Central to the appreciation of Loos is, problematically, good taste. Not many people go out of their way to buy a couple of Josef Hoffmann’s black wine glasses and submit them by post to Gustav Pazaurek’s official ‘Cabinet of Bad Taste’, but Loos did. However, black wine glasses are distasteful and life with Loos was not unpalatable. His last wife, Claire Beck Loos, revered him, indeed, in one of the strangest examples of potential grooming; she was raised in one of Loos’s early rooms. However, she left him, and wrote the touching A Private Portrait (just republished in English), a memoir of their itinerant later years in various straits in hotels along the Côte d’Azur, with Loos now deaf, and with luggage and dogs, like something out of EM Forster or Somerset Maugham.

His proclivities may not have been considered so offensive by his set. Peter Altenberg also had a thing for young girls. Meanwhile all bourgeois mores were repugnant to polemicist Karl Kraus and Dadaist Tristan Tzara, who remained a client, and for whom Loos built an extraordinary and uniquely uncomfortable house in Paris in 1926.

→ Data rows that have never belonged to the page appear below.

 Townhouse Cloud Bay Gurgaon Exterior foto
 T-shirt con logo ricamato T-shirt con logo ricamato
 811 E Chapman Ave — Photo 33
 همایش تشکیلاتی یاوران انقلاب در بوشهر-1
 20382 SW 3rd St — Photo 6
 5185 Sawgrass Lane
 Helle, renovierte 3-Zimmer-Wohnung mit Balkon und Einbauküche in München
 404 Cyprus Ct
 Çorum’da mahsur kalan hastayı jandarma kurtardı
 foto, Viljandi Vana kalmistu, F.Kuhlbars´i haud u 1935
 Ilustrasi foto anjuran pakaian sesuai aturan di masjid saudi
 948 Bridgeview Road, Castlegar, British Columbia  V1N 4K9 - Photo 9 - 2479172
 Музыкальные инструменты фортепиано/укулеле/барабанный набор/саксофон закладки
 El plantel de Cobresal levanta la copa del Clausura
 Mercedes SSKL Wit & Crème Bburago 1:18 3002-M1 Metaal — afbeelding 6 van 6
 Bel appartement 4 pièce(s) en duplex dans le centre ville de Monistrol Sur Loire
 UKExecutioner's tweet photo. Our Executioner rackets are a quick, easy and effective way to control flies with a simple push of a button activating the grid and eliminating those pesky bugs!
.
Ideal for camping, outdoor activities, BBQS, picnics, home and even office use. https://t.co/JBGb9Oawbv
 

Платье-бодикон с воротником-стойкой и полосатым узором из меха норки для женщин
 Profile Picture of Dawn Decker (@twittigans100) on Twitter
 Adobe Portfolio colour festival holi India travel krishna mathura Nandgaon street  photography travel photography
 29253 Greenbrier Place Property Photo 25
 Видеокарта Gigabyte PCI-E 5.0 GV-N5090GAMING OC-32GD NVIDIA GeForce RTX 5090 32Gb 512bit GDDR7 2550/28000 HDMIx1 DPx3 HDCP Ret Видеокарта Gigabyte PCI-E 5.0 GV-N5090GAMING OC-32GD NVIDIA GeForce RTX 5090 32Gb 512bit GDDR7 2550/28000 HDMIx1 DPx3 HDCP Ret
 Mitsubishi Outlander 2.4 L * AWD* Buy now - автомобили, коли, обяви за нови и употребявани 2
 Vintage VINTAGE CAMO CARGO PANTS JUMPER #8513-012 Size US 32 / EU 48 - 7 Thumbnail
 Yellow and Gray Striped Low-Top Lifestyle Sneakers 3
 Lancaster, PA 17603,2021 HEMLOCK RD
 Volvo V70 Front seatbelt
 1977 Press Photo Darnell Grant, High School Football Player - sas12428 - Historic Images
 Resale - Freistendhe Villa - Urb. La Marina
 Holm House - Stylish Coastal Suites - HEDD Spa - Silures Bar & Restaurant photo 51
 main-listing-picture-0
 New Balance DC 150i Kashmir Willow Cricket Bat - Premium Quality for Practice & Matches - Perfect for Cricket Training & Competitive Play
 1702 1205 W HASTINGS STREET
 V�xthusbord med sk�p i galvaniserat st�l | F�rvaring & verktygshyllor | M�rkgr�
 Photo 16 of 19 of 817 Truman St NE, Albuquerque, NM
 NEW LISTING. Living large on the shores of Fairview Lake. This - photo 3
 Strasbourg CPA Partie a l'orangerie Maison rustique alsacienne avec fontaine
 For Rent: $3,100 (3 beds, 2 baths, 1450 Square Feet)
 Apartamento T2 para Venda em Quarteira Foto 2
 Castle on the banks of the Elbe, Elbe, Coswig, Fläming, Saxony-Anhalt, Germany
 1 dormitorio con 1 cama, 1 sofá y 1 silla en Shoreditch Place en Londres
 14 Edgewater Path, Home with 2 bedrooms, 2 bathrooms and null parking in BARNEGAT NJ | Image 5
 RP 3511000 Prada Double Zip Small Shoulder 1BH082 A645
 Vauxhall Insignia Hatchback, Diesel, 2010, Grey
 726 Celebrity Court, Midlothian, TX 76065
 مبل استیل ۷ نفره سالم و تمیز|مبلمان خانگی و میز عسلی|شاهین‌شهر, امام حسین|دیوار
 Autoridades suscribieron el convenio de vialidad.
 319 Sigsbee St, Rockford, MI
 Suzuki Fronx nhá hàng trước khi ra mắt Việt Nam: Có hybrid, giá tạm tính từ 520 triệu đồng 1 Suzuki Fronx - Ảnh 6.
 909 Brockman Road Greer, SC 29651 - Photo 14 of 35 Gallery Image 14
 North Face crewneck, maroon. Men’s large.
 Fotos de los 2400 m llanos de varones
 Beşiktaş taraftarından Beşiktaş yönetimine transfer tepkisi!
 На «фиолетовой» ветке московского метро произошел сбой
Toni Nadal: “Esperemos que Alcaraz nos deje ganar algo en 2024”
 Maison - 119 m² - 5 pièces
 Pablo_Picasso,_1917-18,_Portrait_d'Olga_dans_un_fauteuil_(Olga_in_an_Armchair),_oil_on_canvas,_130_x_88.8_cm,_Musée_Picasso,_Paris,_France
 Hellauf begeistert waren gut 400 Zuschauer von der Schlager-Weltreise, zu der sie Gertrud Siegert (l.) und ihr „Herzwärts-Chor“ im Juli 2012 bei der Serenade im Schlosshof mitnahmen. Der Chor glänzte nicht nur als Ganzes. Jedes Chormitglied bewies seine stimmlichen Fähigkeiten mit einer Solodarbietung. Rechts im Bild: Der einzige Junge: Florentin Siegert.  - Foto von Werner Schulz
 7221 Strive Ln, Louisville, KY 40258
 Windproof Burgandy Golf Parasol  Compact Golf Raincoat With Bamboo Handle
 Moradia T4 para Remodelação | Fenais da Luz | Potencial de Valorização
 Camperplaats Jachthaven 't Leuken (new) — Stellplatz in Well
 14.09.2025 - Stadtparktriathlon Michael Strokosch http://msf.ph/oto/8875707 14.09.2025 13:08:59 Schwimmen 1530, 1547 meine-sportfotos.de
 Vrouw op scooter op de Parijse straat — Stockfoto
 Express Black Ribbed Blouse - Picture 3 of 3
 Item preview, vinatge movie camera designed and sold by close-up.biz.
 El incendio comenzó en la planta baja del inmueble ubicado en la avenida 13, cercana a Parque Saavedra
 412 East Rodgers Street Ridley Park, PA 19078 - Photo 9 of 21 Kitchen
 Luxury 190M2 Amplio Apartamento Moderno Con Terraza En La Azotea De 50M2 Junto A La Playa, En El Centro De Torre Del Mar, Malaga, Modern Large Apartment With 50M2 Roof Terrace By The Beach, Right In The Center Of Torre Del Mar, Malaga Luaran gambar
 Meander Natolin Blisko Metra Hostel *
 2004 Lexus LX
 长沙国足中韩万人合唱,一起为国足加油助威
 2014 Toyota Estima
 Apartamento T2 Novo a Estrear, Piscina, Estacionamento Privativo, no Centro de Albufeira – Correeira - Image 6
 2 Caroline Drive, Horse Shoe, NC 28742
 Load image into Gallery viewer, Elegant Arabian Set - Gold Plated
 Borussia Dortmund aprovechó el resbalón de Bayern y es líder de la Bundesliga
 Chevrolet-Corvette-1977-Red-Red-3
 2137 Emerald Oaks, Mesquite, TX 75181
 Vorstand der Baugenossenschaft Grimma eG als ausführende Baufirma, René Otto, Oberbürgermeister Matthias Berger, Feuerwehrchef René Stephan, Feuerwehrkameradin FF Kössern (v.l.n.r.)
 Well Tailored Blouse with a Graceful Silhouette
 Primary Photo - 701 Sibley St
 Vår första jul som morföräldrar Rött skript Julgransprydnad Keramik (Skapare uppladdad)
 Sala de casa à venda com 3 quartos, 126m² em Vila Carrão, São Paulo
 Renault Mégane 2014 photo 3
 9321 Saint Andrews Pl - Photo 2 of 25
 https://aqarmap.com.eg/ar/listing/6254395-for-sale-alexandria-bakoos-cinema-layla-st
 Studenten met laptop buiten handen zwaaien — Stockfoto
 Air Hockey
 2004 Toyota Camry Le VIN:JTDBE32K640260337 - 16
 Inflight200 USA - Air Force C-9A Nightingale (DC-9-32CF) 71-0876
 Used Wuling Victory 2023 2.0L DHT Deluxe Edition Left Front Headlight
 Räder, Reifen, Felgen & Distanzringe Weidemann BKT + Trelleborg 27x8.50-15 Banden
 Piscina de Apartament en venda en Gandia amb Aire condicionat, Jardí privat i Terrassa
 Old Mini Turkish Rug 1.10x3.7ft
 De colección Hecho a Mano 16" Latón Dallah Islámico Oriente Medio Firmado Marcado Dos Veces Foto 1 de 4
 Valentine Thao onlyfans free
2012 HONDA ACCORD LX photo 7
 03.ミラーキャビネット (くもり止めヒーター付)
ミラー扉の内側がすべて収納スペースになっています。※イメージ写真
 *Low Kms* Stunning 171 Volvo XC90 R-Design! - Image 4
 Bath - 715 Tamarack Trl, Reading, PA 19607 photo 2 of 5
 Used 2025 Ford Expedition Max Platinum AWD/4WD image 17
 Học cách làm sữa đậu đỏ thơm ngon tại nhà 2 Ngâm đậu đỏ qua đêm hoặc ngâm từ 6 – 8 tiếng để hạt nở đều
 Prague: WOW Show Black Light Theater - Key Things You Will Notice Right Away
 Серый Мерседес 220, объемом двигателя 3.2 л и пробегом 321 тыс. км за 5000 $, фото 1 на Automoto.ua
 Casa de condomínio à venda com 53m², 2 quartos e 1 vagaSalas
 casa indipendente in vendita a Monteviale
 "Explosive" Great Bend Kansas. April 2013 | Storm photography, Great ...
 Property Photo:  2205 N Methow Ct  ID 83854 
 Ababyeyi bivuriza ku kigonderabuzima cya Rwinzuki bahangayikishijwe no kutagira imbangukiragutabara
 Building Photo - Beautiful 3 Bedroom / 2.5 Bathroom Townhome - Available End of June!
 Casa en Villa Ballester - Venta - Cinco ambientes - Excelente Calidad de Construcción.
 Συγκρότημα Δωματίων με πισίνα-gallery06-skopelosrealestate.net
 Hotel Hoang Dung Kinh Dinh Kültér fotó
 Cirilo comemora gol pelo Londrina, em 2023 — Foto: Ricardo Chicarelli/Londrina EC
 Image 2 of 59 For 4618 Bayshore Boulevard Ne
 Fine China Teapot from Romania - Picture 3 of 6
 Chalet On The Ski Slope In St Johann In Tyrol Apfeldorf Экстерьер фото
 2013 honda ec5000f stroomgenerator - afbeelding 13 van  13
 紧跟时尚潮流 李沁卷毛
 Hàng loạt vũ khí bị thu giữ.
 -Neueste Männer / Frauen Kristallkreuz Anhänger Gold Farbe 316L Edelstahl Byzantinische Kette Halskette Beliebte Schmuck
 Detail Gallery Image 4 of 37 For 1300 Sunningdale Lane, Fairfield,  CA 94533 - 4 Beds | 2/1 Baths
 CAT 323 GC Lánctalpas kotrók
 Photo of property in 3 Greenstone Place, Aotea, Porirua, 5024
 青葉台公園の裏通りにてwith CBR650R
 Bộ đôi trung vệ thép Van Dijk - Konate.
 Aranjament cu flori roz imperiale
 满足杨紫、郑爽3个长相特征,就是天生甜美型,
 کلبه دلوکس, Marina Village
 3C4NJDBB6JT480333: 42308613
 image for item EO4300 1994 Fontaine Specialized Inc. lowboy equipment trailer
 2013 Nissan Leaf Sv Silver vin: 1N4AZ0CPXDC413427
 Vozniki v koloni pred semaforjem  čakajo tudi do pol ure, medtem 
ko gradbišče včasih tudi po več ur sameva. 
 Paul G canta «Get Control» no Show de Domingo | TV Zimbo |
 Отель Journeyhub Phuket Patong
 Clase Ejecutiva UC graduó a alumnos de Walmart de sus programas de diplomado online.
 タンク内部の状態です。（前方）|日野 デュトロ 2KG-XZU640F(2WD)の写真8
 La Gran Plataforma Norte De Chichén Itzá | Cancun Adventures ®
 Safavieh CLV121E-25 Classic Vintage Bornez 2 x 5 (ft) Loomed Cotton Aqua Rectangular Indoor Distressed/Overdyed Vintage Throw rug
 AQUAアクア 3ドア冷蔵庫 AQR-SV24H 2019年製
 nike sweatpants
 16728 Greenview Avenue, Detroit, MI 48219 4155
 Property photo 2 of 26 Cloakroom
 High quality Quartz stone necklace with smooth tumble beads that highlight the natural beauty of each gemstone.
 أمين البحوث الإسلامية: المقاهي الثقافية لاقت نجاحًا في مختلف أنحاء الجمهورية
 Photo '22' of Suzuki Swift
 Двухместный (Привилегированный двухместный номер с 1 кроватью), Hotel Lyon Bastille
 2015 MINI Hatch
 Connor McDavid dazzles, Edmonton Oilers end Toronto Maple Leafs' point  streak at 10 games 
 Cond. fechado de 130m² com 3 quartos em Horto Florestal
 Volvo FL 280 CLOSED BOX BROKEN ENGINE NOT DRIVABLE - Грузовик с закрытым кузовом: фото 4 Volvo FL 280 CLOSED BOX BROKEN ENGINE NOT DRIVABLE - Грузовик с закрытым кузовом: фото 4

There are obviously many sides to Loos, many paradoxes; in photographs he rarely looks the same way twice. He appeals to the detective, that most postmodern of professions. The theorists ponder the psychology, but commercial architects have found much inspiration in his luxurious use of materials, and non-commercial ones wonder at his ingenious use of space, and in both cases Loos can become far more practically useful than Le Corbusier or Mies. Every architect can have the dream to do an American Bar as good as The Kärntner, even if it’s for Starbucks. As my wife said perusing Roberto Schezen’s photographs: ‘It looks so much better than modern architecture!